Article summary IV
Summary
Eklund et al. used large scale experimental data rather than simulated data to test the validity of statistical methods for functional magnetic resonance imaging (fMRI) data analysis for the first time. The authors used resting-state data to compare familywise error rates for voxel-based and cluster-based inferences for three fMRI statistical analysis packages (AFNI, FSL, and SPM), as well as a nonparametric permutation method. They found that, for a target familywise error rate of 5%, the parametric methods gave invalid cluster-based inferences and conservative voxel-based inferences. Non-parametric permutation tests seemed most reliable and usually controlled type I errors at the expected 5% rate. Their results suggested that the principal cause of the invalid cluster inferences is spatial autocorrelation functions that do not follow the assumed Gaussian shape. They also found a too high threshold (i.e. cluster-defining threshold (CDT) of p=0.01) leads to unacceptably high false positive rates, and the same threshold (i.e. CDT of p=0.001) in combination with cluster-extent estimation gives much better results, though still slightly biased (0.6-0.9).

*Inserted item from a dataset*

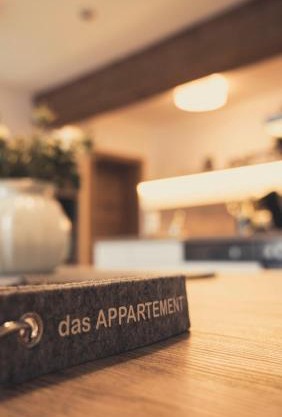 Haus Schlager "dasAppartement"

Given these results, they concluded that statistical methods for fMRI data analysis should be validated.
Reaction
In this PNAS paper, Eklund and colleagues studied how reliably different correction procedures widely used in fMRI research control for multiple testing. This was an important investigation at the core of fMRI analyses. The fMRI data are images of the brain, and each image contains many thousand voxels. When we do multiple tests for every voxel, it can easily end up with 100,000 tests or more. Usually, we call a difference or an effect significant if the p value is below a pre-defined threshold 0.5. However, when we do more than one test, these 5% of false positives won’t be hold. The same issue persists when we do multiple tests for brain regions Therefore, an appropriate correction procedure to control for multiple testing is necessary and important to avoid that type I error inflates massively. Eklund et al. reported that for some techniques, multiple testing correction does not guarantee the 5% false positive rate but leads to much higher rates. Another interesting finding was that the null distribution for fMRI data partly violate the assumptions. This issue certainly contributed to the high error rates. The findings of Eklund and colleagues are important. When conducting fMRI data analysis, we should pay more attention to the assumptions. Also as mentioned in the paper, “no analysis method is perfect, and new problems and limitations will be certainly found in the future”, data and code sharing will play a key role in this.
Questions
- What’s the difference between the parametric cluster-extent and non-parametric permutation test? From now on, should we only use permutation testing?
- What should we do to avoid that the false positive rate inflates massively beyond the 5%?
- What else can be learned to improve fMRI research?